When you reproduce the entries below, keep each one exact and drop any pictures.

INPUT ::
Start of Block

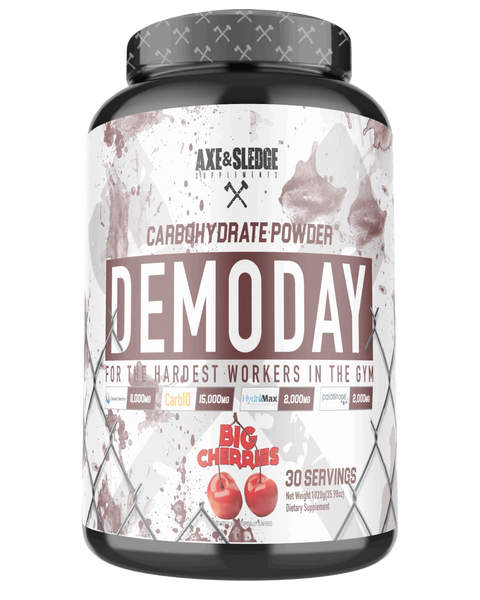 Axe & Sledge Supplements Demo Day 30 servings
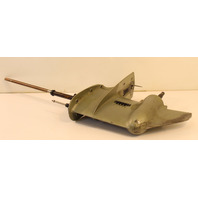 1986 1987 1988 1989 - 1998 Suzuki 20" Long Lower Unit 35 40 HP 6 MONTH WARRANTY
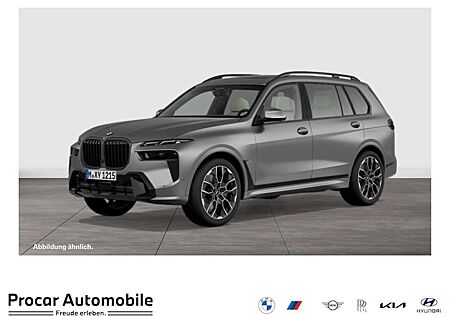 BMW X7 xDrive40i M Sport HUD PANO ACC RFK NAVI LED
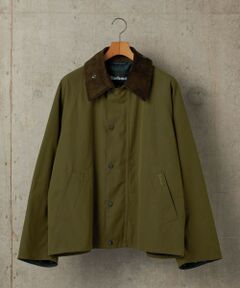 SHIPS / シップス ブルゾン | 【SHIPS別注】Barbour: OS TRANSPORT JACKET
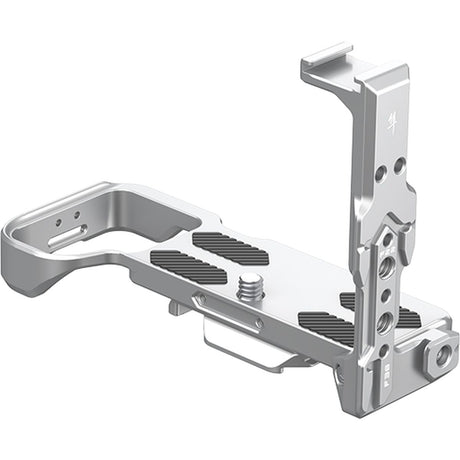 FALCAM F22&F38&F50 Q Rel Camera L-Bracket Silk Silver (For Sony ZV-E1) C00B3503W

End of Block

TASK RESPONSE ::
 Axe & Sledge Supplements Demo Day 30 servings
 1986 1987 1988 1989 - 1998 Suzuki 20" Long Lower Unit 35 40 HP 6 MONTH WARRANTY
 BMW X7 xDrive40i M Sport HUD PANO ACC RFK NAVI LED
 SHIPS / シップス ブルゾン | 【SHIPS別注】Barbour: OS TRANSPORT JACKET
 FALCAM F22&F38&F50 Q Rel Camera L-Bracket Silk Silver (For Sony ZV-E1) C00B3503W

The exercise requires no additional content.